Mamadou Camara : «Le Mali s’en fout de ses bons enfants » 

«Nul n’est prophète en son pays», a-t-on coutume de dire. En traversant la méditerranée à l’âge de 16 ans, le natif de Balé, ne s’attendait pas à un destin fabuleux de champion de lutte canarienne sur les côtes ibériques. Mais, nul n’échappe à son destin. À ce jour, il est le seul athlète évoluant au plus haut niveau de cette lutte traditionnelle en Espagne, un peu proche de celle du Sénégal.
Entretien.
Vous venez de quelle partie du Mali et comment vous êtes arrivé en Espagne ?
Je me nomme Mamadou Camara, je suis un marka (soninké). Je viens du village de Balé, mais ma famille est installée à Bamako, plus précisément à Djicoroni-Para. Je suis arrivé en Espagne par la mer en 2008, en ce moment je n’avais que 16 ans. J’ai fait 2 ans d’études dans un centre jusqu’à mes 18 ans. Entre temps, je pratiquais la lutte canarienne, qui n’est pas très différente de la lutte sénégalaise. Il en existe aussi en Chine où nous devons aller bientôt pour des combats.

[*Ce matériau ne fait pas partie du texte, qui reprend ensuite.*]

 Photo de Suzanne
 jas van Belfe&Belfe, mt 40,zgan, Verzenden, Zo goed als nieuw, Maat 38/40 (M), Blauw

Quelles sont les difficultés auxquelles vous avez été confronté à votre arrivée, avant de commencer la lutte canarienne ?
Avant de commencer la lutte, vous savez, quand tu quittes chez toi pour venir  en aventure, la première difficulté qu’on rencontre, c’est la barrière linguistique. À notre arrivée nous avons commencé à étudier pour comprendre la langue peu à peu. Après, il y a un problème de papier qui fatigue un peu. Depuis que j’ai eu mon contrat de lutteur aux îles Canaries, cela a facilité beaucoup de chose pour moi, tel que les papiers, le travail… L’autre difficulté, c’est l’adaptation à la Lucha, parce que cette lutte est très difficile.
Aujourd’hui, vous êtes champion par la grâce d’Allah. Comment vous êtes vous vu par les Espagnols, en tant que star africaine  ?
Ce que je peux dire concernant cette lutte… Vous savez, dans la vie quand quelque chose t’est destiné tu ne peux pas échapper. Au départ, nous étions plus d’une trentaine de personnes et vous savez qu’en matière de lutte les sénégalais s’y connaissent vraiment, ainsi que les gambiens. On ne retrouve pas trop cette lutte au Mali. Au Sénégal, il y a un quartier pour ça, même si ce n’est pas le même type de lutte, mais sont similaires. Assez de Sénégalais sont arrivés ici et ont connu le succès. Je suis arrivé tout heureux et je connais aussi le succès. La Lucha est comme pour moi  le football, le basket, le karaté, la boxe pour certains… J’ai eu assez de chance et j’ai été aidé par des personnes pour atteindre ce niveau.  Cette lutte c’est par niveau. Il y a le niveau B et A. Actuellement, je suis au niveau A, le meilleur niveau où aucun immigrant n’a atteint ce niveau jusqu’à présent. J’ai surpris plus d’un parce que les gens ne pensaient pas qu’une personne venue d’un autre pays, pouvait atteindre ce niveau, étant donné que j’ai débuté la Lucha à 16 ans, or les enfants d’ici commencent à partir depuis le bas âge (2 ans , 3 ans, 5 ans…). Comme, je l’avais dit.  Quand tu veux être quelqu’un, donne toi les moyens de l’être. Aujourd’hui, je suis au plus haut niveau de la lutte canarienne c’est-à-dire le niveau A.
Apparemment vous n’êtes pas aussi populaire au Mali…
Je suis malien, mais le  Mali s’en fout de ses bons enfants. Les jeunes maliens évoluent dans plusieurs sports, mais ils sont plus suivis par l’Espagne que par le Mali. Je prends mon cas, je suis très suivi ici. Si vous dites  Mamadou Camara en Espagne, les gens me connaissent. Mais, au Mali personne. Nous avons eu un combat en 2018 où j’ai porté le maillot du Mali pour afficher mes origines, sinon les Maliens ne reconnaissent pas leurs enfants. Il existe assez de jeunes maliens dans différents sports, mais qui ne sont pas forcément connus au Mali.
Quels sont vos projets pour votre pays d’origine le Mali ?
Il nous reste deux mois de compétition. Après ça, j’irai en vacances au Mali, comme j’ai l’habitude d’y aller pour saluer la famille. Mon projet Inch’Allah, c’est de voir comment les Maliens peuvent rentrer.